16 de dez. de 2004

Bush II

Bush II
As eleições norte-americanas confirmam que a democracia – apesar de ser o menos imperfeito dos regimes políticos – não está isenta de escolhas que podem levar ao poder perigosos demagogos

Ignacio Ramonet

A reeleição, no último dia 2 de novembro, de George W. Bush para a Presidência dos Estados Unidos constitui uma afronta ao espírito da democracia norte-americana, a mais antiga do mundo e, por isso mesmo, sua referência primordial. É evidente que, tecnicamente falando, não há – desta vez – o que reclamar. Ninguém pode contestar o caráter legítimo da votação. Usando de seus direitos, os eleitores escolheram segundo seus desejos1. Nem por isso esta eleição é menos inquietante, e até chocante. Confirma que a democracia – apesar de ser o menos imperfeito dos regimes políticos – não está isenta de escolhas que podem levar ao poder perigosos demagogos.

É realmente preocupante que Bush, conhecido por seu fundamentalismo religioso, por sua mediocridade intelectual e por sua incultura, tenha sido o candidato mais votado da história eleitoral norte-americana. Principalmente por ter enganado seu povo e mentido ao Congresso para conseguir autorização de conduzir uma “guerra preventiva” (não autorizada pela ONU) e invadir o Iraque; por ter incentivado um uso desproporcional de força, provocando a morte de milhares de civis iraquianos inocentes2; por ter ignorado a “ordem executiva” de 1976 do presidente Gerald Ford (ainda em vigor e que proíbe os serviços secretos de assassinarem dirigentes políticos estrangeiros) e ordenado a execução de supostos “terroristas3”; por ter violado as Convenções de Genebra sobre o tratamento de prisioneiros de guerra; por ter permitido a prática de tortura na prisão de Abu Ghraib e em outros centros de detenção secretos; e porque ressuscitou o espírito do macartismo, que consiste em considerar culpado qualquer cidadão que possa ser suspeito de manter vínculos com uma organização inimiga.

Plebiscito da ilegalidade?
Com um quadro de honra de tal maneira sinistro, qualquer outro dirigente seria declarado pouco recomendável e banido do mundo civilizado. Não George Bush que, além do mais – e enquanto presidente da única hiperpotência mundial – ocupa o lugar central do dispositivo político internacional.

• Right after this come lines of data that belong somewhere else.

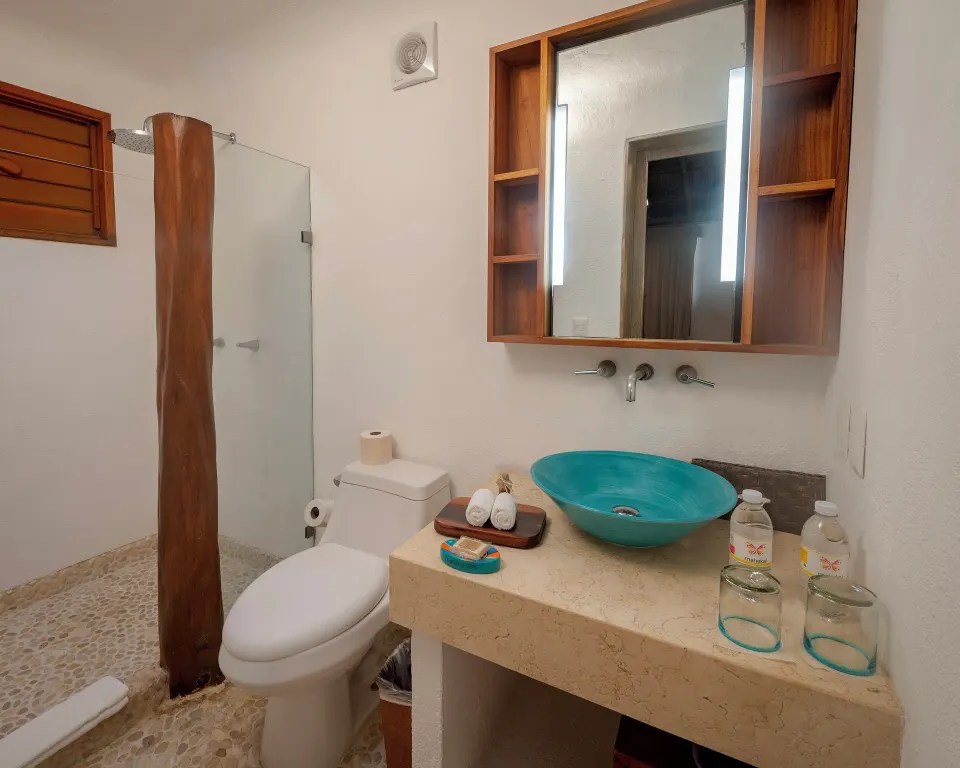 Bathroom of Ocean View Palapa Room with turquoise sink at Mahekal Beach Front Resort & Spa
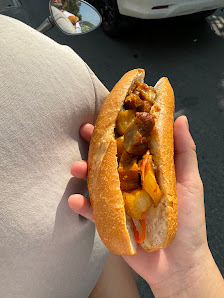 A hand is holding a hot dog filled with what appears to be chili and diced vegetables such as carrots or bell peppers.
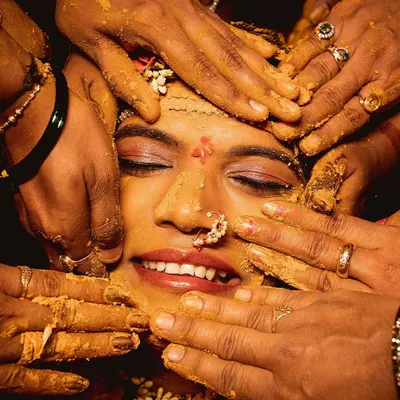 A close up of the bride during her Haldi ceremony. Surrounded by the hands of her loved ones applying turmeric paste, her smile shows pure happiness.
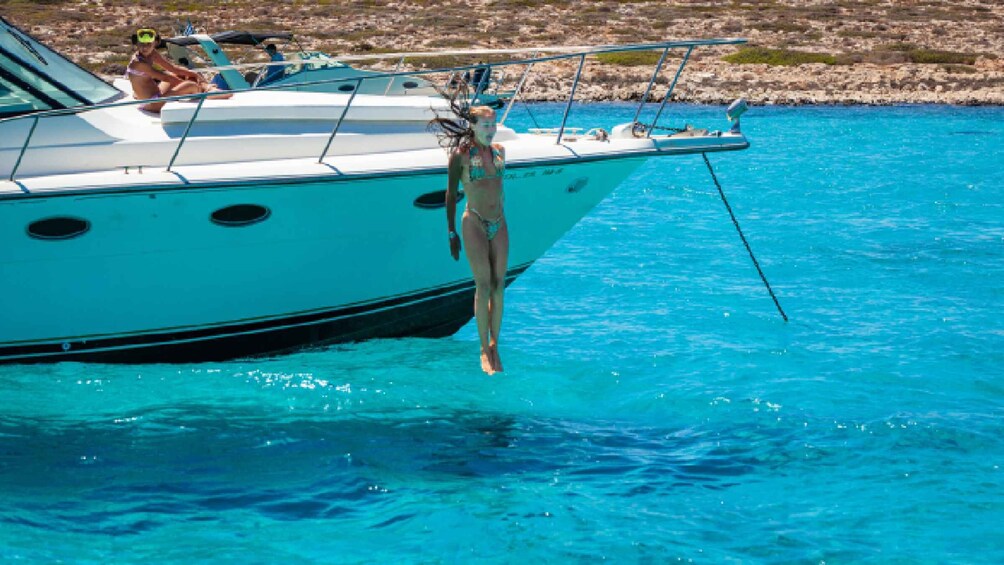 A boat with a person standing on the edge, another person sitting on the deck, and a rocky shoreline in the background. 1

Seu segundo mandato promete dar continuidade ao anterior. E as duas primeiras nomeações de ministros confirmam que Bush interpreta sua vitória eleitoral como um plebiscito à sua política. A escolha de Alberto Gonzales para o Departamento de Justiça, por exemplo, constitui uma resposta de desprezo a todos os que criticam a tortura em prisioneiros acusados de terrorismo. Isso porque, na condição de assessor jurídico do presidente, o próprio Gonzales foi o autor dos dispositivos legais que permitiram contornar as Convenções de Genebra – qualificando de “inimigos combatentes” os prisioneiros das guerras do Afeganistão e do Iraque – e da criação da base de Gunatánamo. Contrariando a legislação norte-americana e os tratados internacionais, Gonzales não hesitou em suspender a proibição de que fossem exercidas “pressões físicas” sobre esses prisioneiros sob o pretexto de que “na condução da guerra, a autoridade do presidente é total”.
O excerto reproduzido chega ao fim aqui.